Action item: Write out the data that follows exactly, keeping every picture out.

Information provided:
------------------------

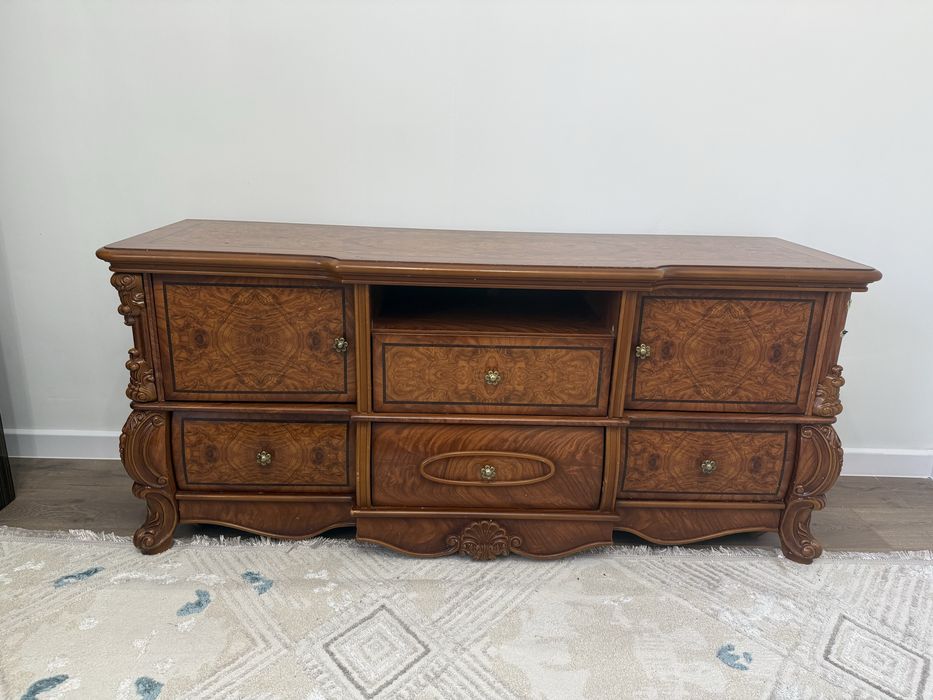 Срочно продам 2 серванта и тумбу под тв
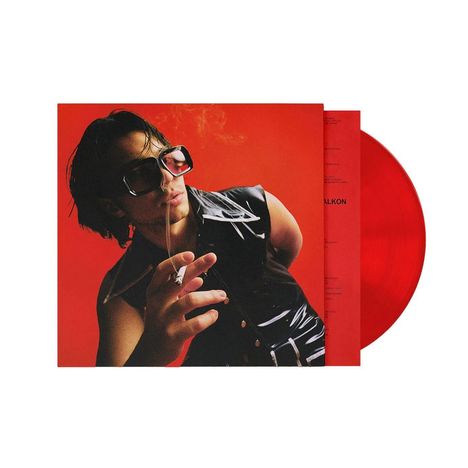 Großer Text: "ALKON". Roter Hintergrund, Person mit Sonnenbrille hält eine Zigarette und trägt eine schwarze ärmellose Weste.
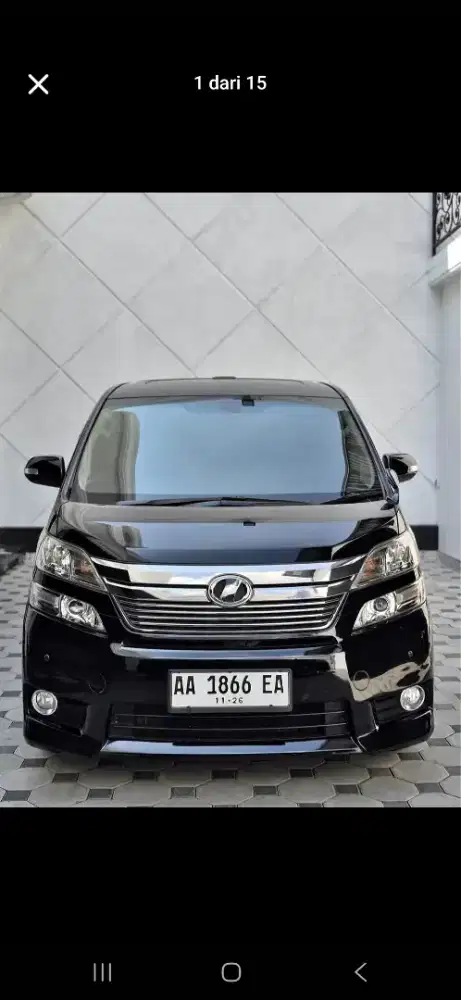 Toyota Vellfire Tahun 2012.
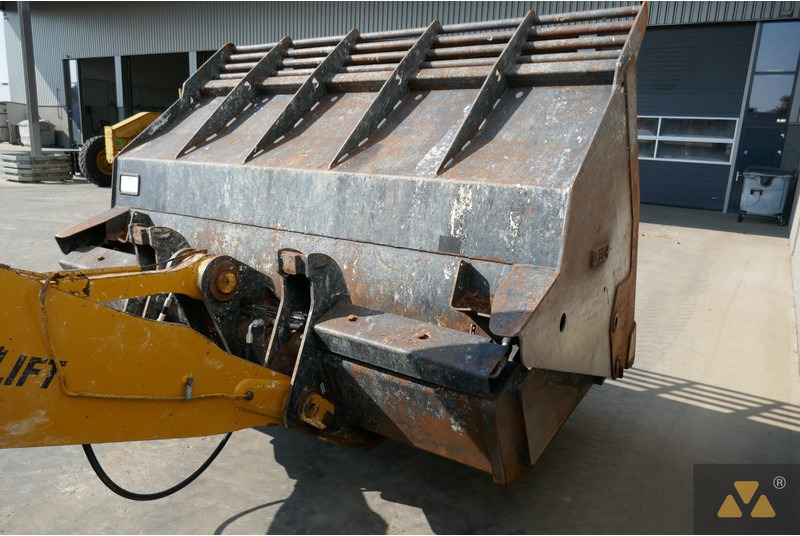 Utovarivač na kotačima Caterpillar 938M: slika Utovarivač na kotačima Caterpillar 938M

------------------------

Output below:
 Срочно продам 2 серванта и тумбу под тв
 Großer Text: "ALKON". Roter Hintergrund, Person mit Sonnenbrille hält eine Zigarette und trägt eine schwarze ärmellose Weste.
 Toyota Vellfire Tahun 2012.
 Utovarivač na kotačima Caterpillar 938M: slika Utovarivač na kotačima Caterpillar 938M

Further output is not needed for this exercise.